Excerpted to highlight parenting trends from around the world:
We need to let 3-year-olds climb trees and 5-year-olds use knives.
Ellen Hansen Sandseter, a Norwegian researcher at Queen Maud University in Norway, has found in her research that the relaxed approach to risk-taking and safety actually keeps our children safer by honing their judgment about what they’re capable of. Children are drawn to the things we parents fear: high places, water, wandering far away, dangerous sharp tools. Our instinct is to keep them safe by childproofing their lives. But “the most important safety protection you can give a child,” Sandseter explained when we talked, “is to let them take… risks.”
Children can go hungry from time-to-time.
In Korea, eating is taught to children as a life skill and as in most cultures, children are taught it is important to wait out their hunger until it is time for the whole family to sit down together and eat. Koreans do not believe it’s healthy to graze or eat alone, and they don’t tend to excuse bad behavior (like I do) by blaming it on low blood sugar. Instead, children are taught that food is best enjoyed as a shared experience. All children eat the same things that adults do, just like they do in most countries in the world with robust food cultures. (Ever wonder why ethnic restaurants don’t have kids’ menus?) The result? Korean children are incredible eaters. They sit down to tables filled with vegetables of all sorts, broiled fish, meats, spicy pickled cabbage and healthy grains and soups at every meal.
Instead of keeping children satisfied, we need to fuel their feelings of frustration.
The French, as well as many others, believe that routinely giving your child a chance to feel frustration gives him a chance to practice the art of waiting and developing self-control. Gilles, a French father of two young boys, told me that frustrating kids is good for them because it teaches them the value of delaying gratification and not always expecting (or worse, demanding) that their needs be met right now…Studies show that children who exhibit self-control and the ability to delay gratification enjoy greater future success. Anecdotally, we know that children who don’t think they’re the center of the universe are a pleasure to be around. Alice Sedar, Ph.D., a former journalist for Le Figaro and a professor of French Culture at Northeastern University, agrees. “Living in a group is a skill,” she declares, and it’s one that the French assiduously cultivate in their kids.
Children should spend less time in school.
Children in Finland go outside to play frequently all day long. “How can you teach when the children are going outside every 45 minutes?” a recent American Fulbright grant recipient in Finland, who was astonished by how little time the Finns were spending in school, inquired curiously of a teacher at one of the schools she visited. The teacher in turn was astonished by the question. “I could not teach unless the children went outside every 45 minutes!”

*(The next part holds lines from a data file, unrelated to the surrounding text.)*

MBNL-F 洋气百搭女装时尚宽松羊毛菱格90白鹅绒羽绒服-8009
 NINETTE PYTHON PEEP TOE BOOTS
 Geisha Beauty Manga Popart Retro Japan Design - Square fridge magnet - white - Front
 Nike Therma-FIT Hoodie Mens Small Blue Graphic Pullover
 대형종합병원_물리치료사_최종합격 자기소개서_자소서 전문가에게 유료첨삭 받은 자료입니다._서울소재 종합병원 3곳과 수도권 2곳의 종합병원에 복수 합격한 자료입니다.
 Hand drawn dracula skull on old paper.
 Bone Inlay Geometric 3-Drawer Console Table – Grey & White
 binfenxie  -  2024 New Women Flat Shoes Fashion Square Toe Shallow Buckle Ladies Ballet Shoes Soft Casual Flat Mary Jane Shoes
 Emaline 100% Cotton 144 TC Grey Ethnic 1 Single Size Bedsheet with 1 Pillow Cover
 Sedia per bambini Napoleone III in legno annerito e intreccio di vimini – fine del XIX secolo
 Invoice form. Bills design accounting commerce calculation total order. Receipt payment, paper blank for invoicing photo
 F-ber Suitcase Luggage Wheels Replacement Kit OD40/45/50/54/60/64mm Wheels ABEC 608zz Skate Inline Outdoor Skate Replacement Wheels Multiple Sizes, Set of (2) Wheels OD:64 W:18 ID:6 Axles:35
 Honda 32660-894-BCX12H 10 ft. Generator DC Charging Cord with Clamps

The Finnish model of education includes a late start to academics (children do not begin any formal academics until they are 7 years old), frequent breaks for outdoor time, shorter school hours and more variety of classes than in the US. Equity, not high achievement, is the guiding principle of the Finnish education system.
While we in America preach the mantra of early intervention, shave time off recess to teach more formal academics and cut funding to non-academic subjects like art and music, Finnish educators emphasize that learning art, music, home economics and life skills is essential.
Thou shalt spoil thy baby.
In Japan, where co-sleeping with babies and kids is common, people are incredulous that there are countries where parents routinely put their newborns to sleep in a separate room. The Japanese respond to their babies immediately and hold them constantly. While we think of this as spoiling, the Japanese think that when babies get their needs met and are loved unconditionally as infants, they more easily become independent and self-assured as they grow.
Meret Keller, a professor at UC Irvine, agrees that there is an intriguing connection between co sleeping and independent behavior. “Many people throw the word “independence” around without thinking conceptually about what it actually means,” she explained. We’re anxious for our babies to become independent and hurry them along, starting with independent sleep, but Keller’s research has found that co-sleeping children later became more independent and self-reliant than solitary sleepers, dressing themselves or working out problems with their playmates on their own.
Children need to feel obligated.
In America, as our kids become adolescents, we believe it’s time to start letting them go and giving them their freedom. We want to help them be out in the world more and we don’t want to burden them with family responsibilities. In China, parents do the opposite: the older children get, the more parents remind them of their obligations.
Eva Pomerantz of the University of Illinois at Urbana Champaign has found through multiple studies that in China, the cultural ideal of not letting adolescents go but of reminding them of their responsibility to the family and the expectation that their hard work in school is one way to pay back a little for all they have received, helps their motivation and their achievement.
Even more surprising: She’s found that the same holds for Western students here in the US: adolescents who feel responsible to their families tend to do better in school.
The lesson for us: if you want to help your adolescent do well in school make them feel obligated.